- _Work order_
Restate word for word the section of the entries that opens at the line containing "Из-за санкций в" and closes at the line containing "Days Inn by", both lines kept, pictures dropped.

- _Source data_
==============================

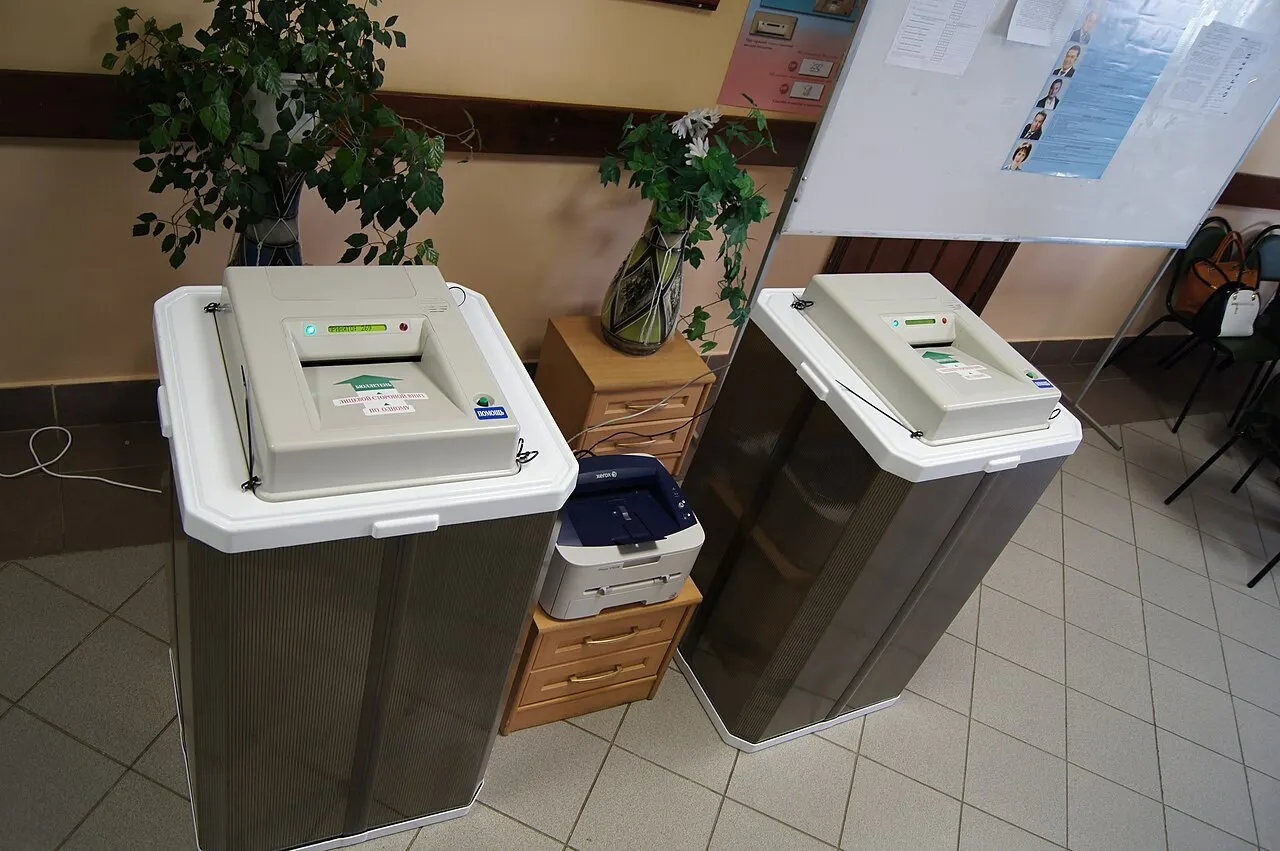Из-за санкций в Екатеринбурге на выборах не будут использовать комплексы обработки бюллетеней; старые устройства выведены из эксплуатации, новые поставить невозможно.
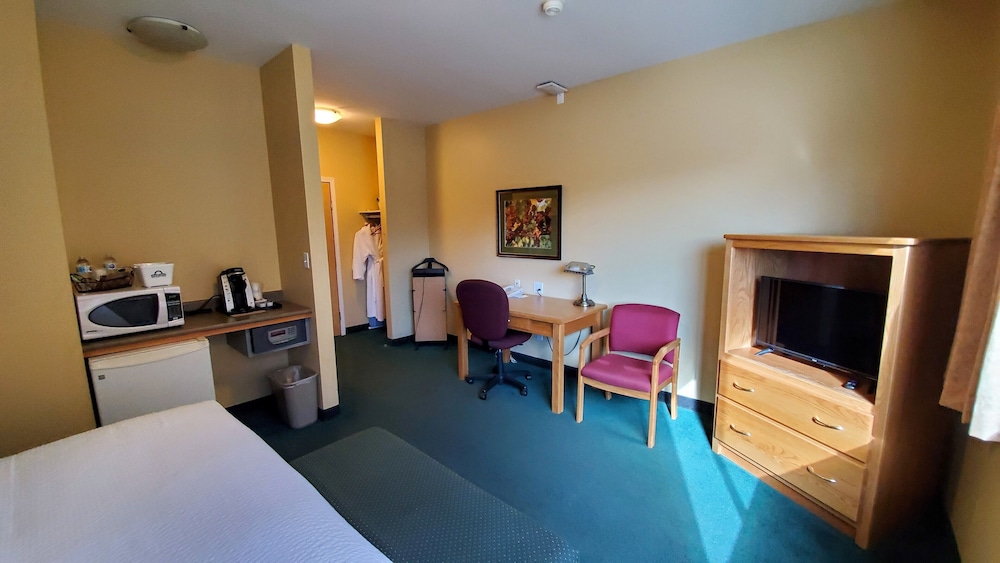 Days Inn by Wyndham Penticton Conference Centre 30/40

==============================

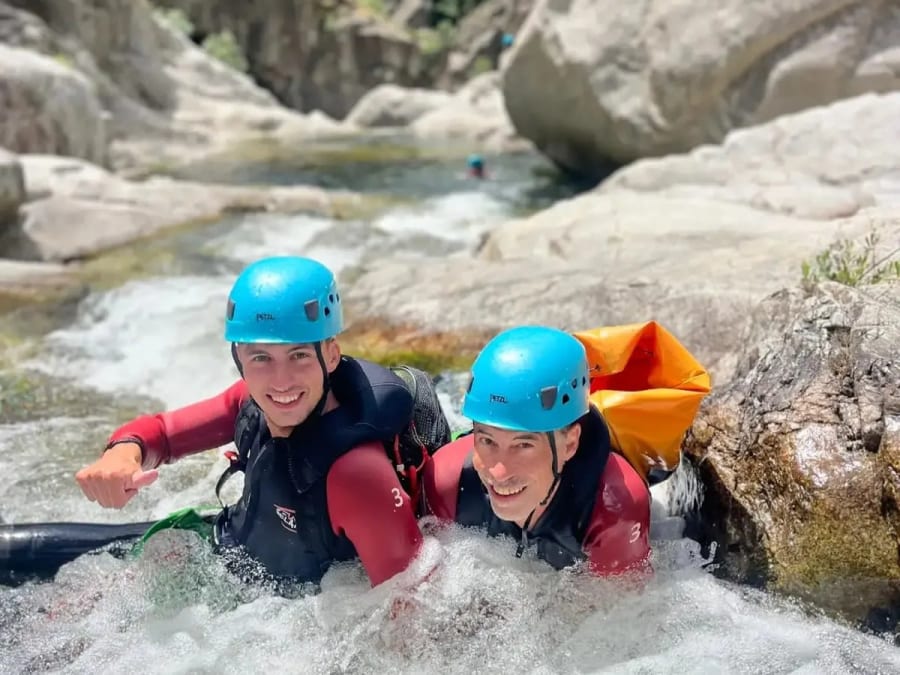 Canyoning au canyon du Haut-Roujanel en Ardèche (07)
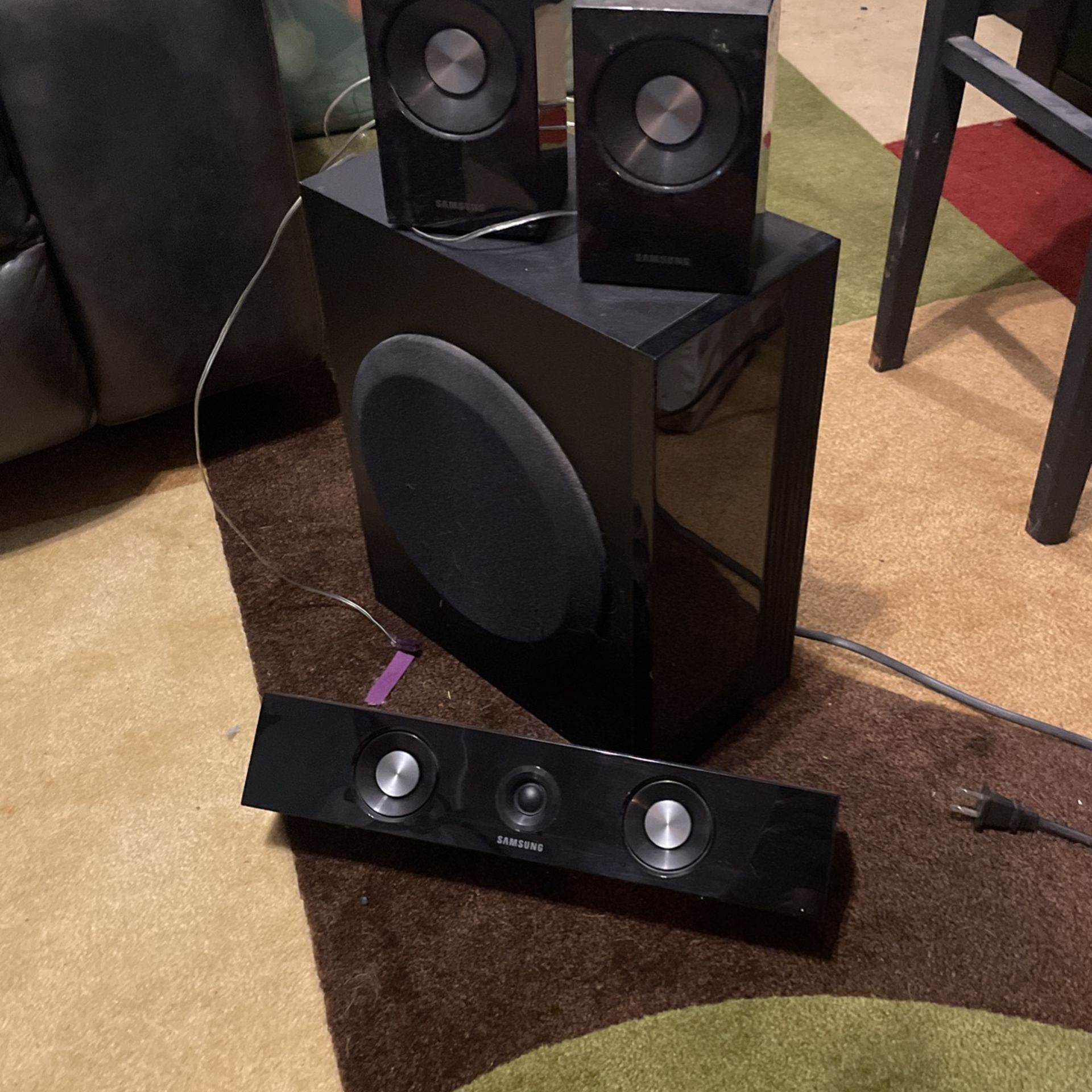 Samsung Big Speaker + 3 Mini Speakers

==============================

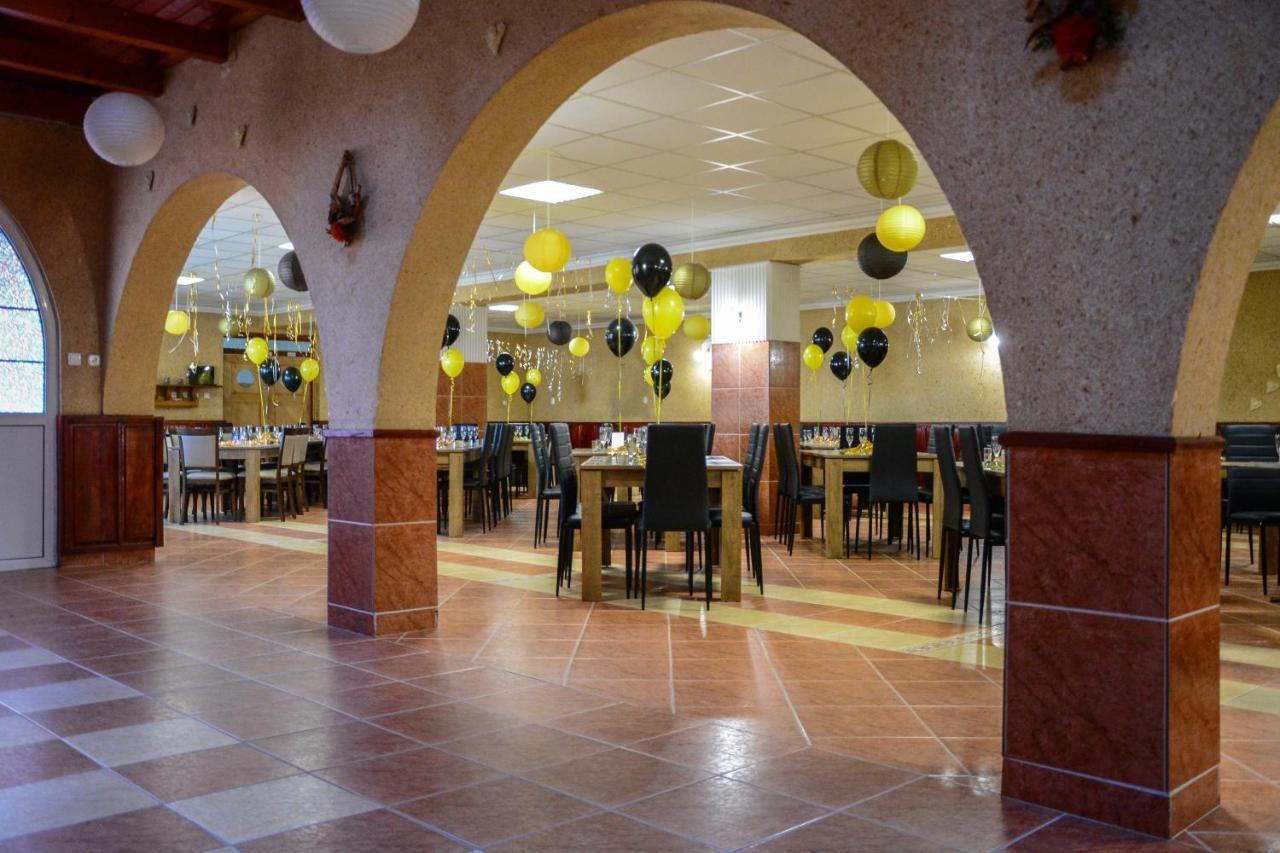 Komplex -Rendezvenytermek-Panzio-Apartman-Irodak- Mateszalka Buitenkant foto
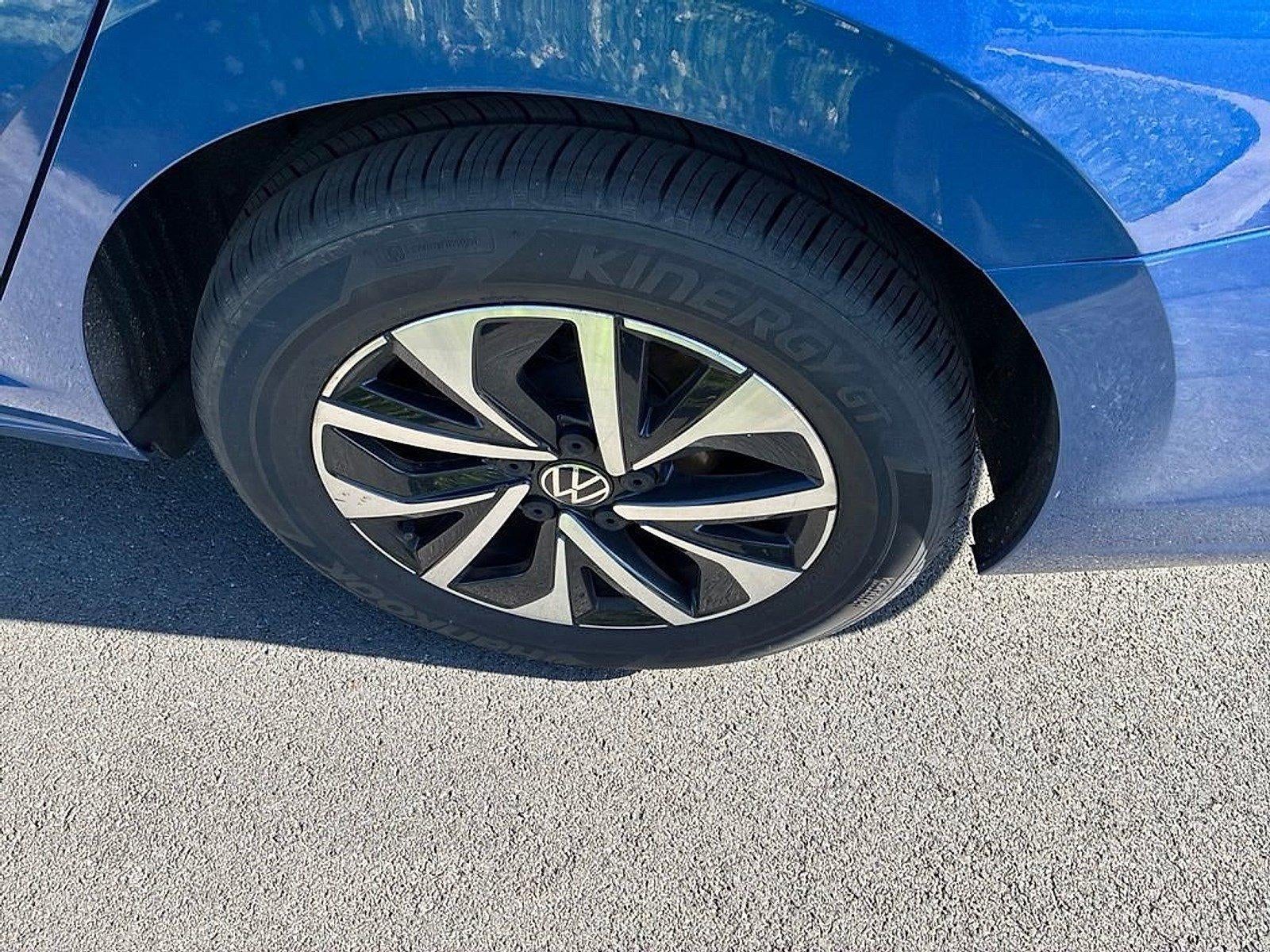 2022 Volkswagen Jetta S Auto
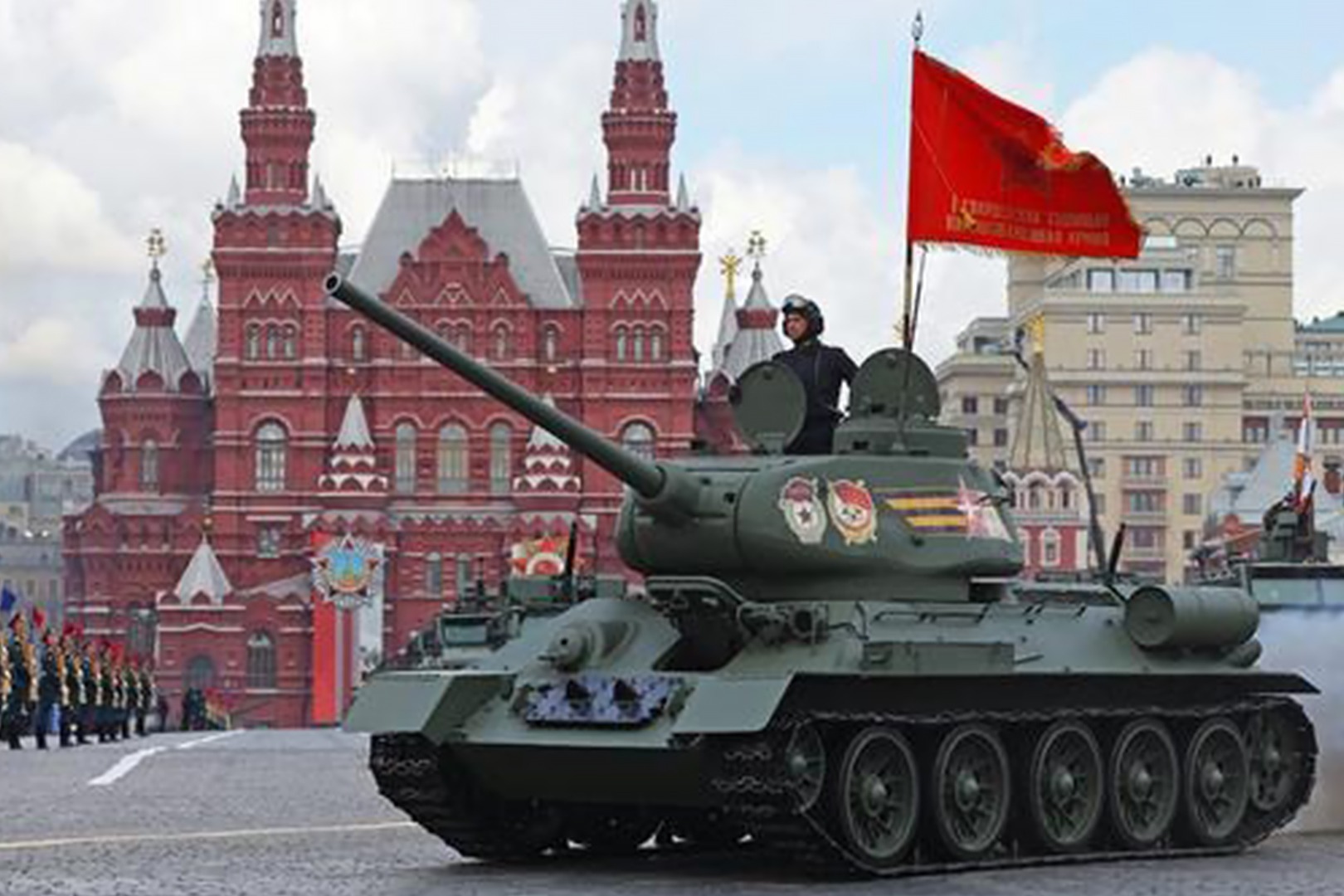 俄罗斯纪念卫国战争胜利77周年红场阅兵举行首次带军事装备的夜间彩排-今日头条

==============================

- _Written reply_
Из-за санкций в Екатеринбурге на выборах не будут использовать комплексы обработки бюллетеней; старые устройства выведены из эксплуатации, новые поставить невозможно.
 Days Inn by Wyndham Penticton Conference Centre 30/40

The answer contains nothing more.